第193話 それぞれの大事なモノらしいです

 ナイファ城では、夜だというのに軍を動かす準備に追われていた。気合いの入り方が半端ではない。

 食事もゆっくりとるのも、もどかしいとばかりに歩きながら取る者、報告を聞きながら取る者も現れる始末であった。


 雄一の発案で、ナイファ、パラメキ、エルフの3つの軍の合同軍事訓練(・・・・・・)をする事が決定された。


 開催地はパラメキ国北東部の平原でやる事が決まり、雄一がいる個室にも響くほど指示を飛ばしたり、連絡、準備に走る足音が良く聞こえる。


 それを報告書を片手に聞く雄一は、4年前と見違えるようだと笑みを浮かべる。


 ゴードンが支配している時は比べるまでもないが、ゴードンが城を去った後も多少は気合いを入れようという空気は生まれたが、負け犬根性が見え隠れしていた。


 現宰相も当時は他人の足を引っ張って自分の立ってる場所が一番高い所にしようと躍起になっていた。

 だが、戦後、半年ほど経った頃、出会った時は別人のように良い目をする文官、その時は宰相と呼ばれていた。


 ゼクスから聞いた話では色々と改革と膿を出す為に奔走したそうだ。


 勿論、他人だけでなく自分も率先して過去の過ちを告白し、私財をほとんどを賠償金に充て、2年の無償労働を自分に課した。


 それを見ていた他の者も宰相ほど思いきった者はいなかったが、自分から罪を告白し、法に従ってそれぞれの形で賠償したようだ。


 そんな宰相が中でも力を入れて、進めた法の整備がストリートチルドレン絡みについてであった。


 特に貴族に適用される法で、妾の子供は勿論、捨てる事を厳罰化する事を進めた。

 勿論、貴族以外でも厳罰化は進められたが貴族ほどではない。


 貴族の場合は状況次第では本人は死罪は勿論、一族郎党、貴族の資格を剥奪もある事を示唆された法の整備が進められた。


 おそらく、ホーラに何も言い返せなかった自分が許せなかったのであろう。


 そして、これが宰相のホーラへの解答という男らしい馬鹿な示し方だと笑う。
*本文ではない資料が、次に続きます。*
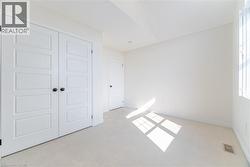 Unfurnished bedroom featuring light carpet and a closet -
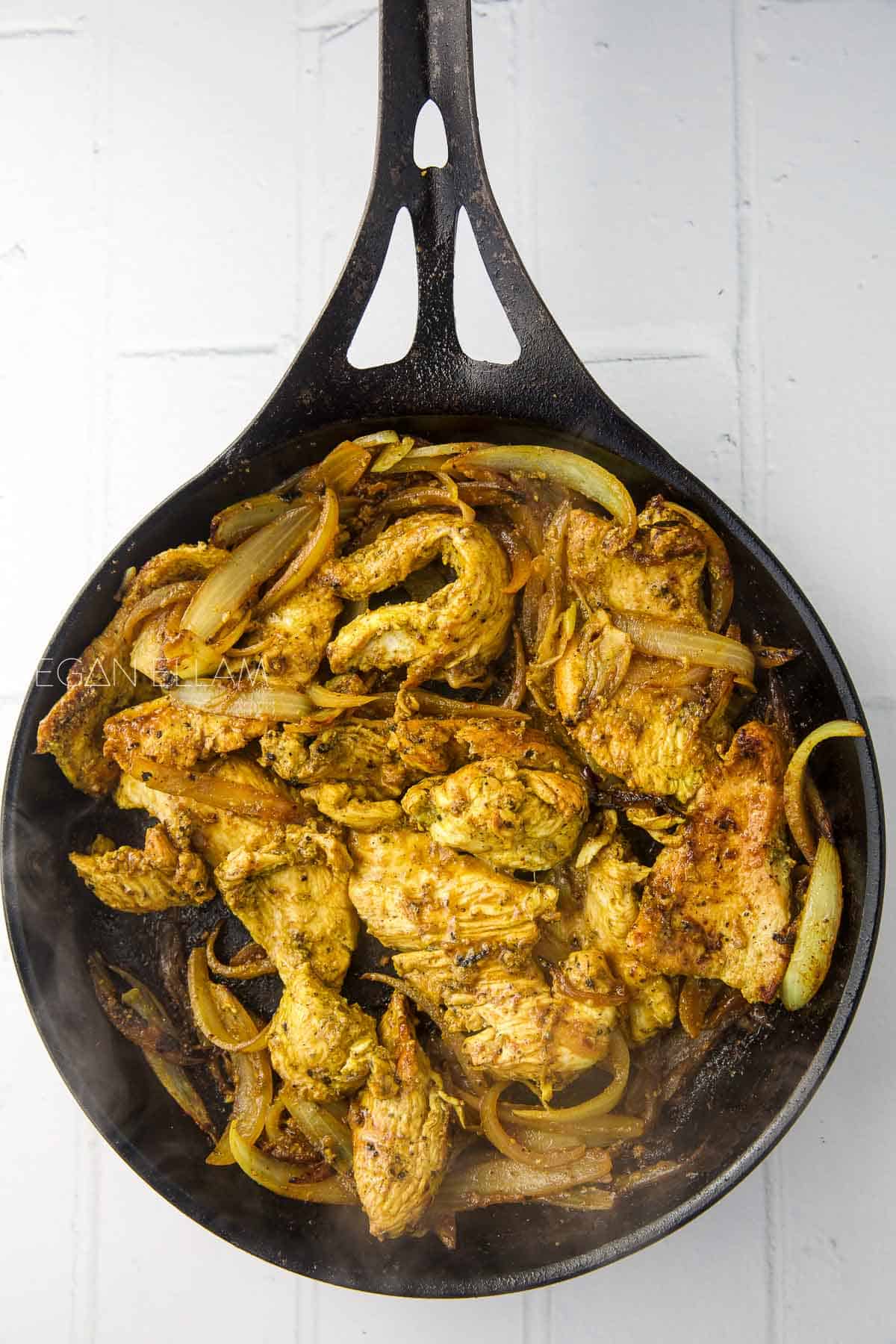 Chicken and onions in a cast iron pan.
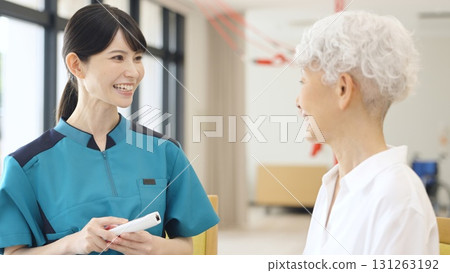 Asian caregiver taking the temperature of an elderly person 131263192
きっとホーラがこの話を聞いたら、馬鹿にするのは間違いないだろう。



 雄一が小さな笑みを浮かべて、手にあった書類をテーブルの上に置くと窓に向かって話しかける。


「いつになったら姿を見せるんだ? 並じゃない気配の消し方だから暗殺者と勘違いして攻撃するところだったぞ?」


 そう言う雄一の言葉と共に窓から妖艶な美人が入ってくる。


 掻き上げた髪に隠れてた泣きぼくろが特徴の美人が雄一に剣呑な目を向ける。


「隙があったら本当に始末しようと思ってたけど、窓に近づいた時点では確実に気付かれてたわね」

「そう嘆くな、いつ城に侵入したかは俺でも分からなかった。もし良かったらホーラにその気配の消し方を伝授してやってくれないか? ホーラもまだまだなんでな」


 遠回しに城に入ってからの動向は掴んでいたと言われた妖艶な美人は不機嫌そうに顔を顰めるが美しさは損なわない。


 苦笑する雄一は妖艶な美人に話しかける。


「確か、リホウの仲間のハクだったな? そう毛嫌いしてくれるな、相手が男と分かってても悲しくなる」

「私は貴方が嫌いよ。貴方に出会ってからのリホウちゃんは、いつも忙しい、忙しいと言って走り回ってて、ちっとも私の相手をしてくれないのだもの!」


 可愛く拗ねる姿はどう見ても妙齢の美女が拗ねてるようにしか見えず、雄一は苦笑を深める。


 どう対応したら良いか悩む雄一を見つめたハクが溜息を吐く。


「本当は来たくなかったけど、リホウちゃんに頭まで下げられたから行かないと私がすたるわ。だから、仕方がなく来てあげたわ。シキル共和国の報告聞く? 聞かなくていいと言ってくれたら感謝して帰ってあげるわよ?」

「そう、言わず、報告してくれないか?」


 本当に機嫌の悪い女の子を相手にしてる気分になってきてる雄一は本気で困っていた。


 ブツブツ言いながらではあるが、ハクが報告してくれた内容はこうだ。



 シキル共和国は、やはり元々、侵略をする気があったわけではないようだが、突然動き出す様子を見せるペーシア王国に怯えての行動のようだ。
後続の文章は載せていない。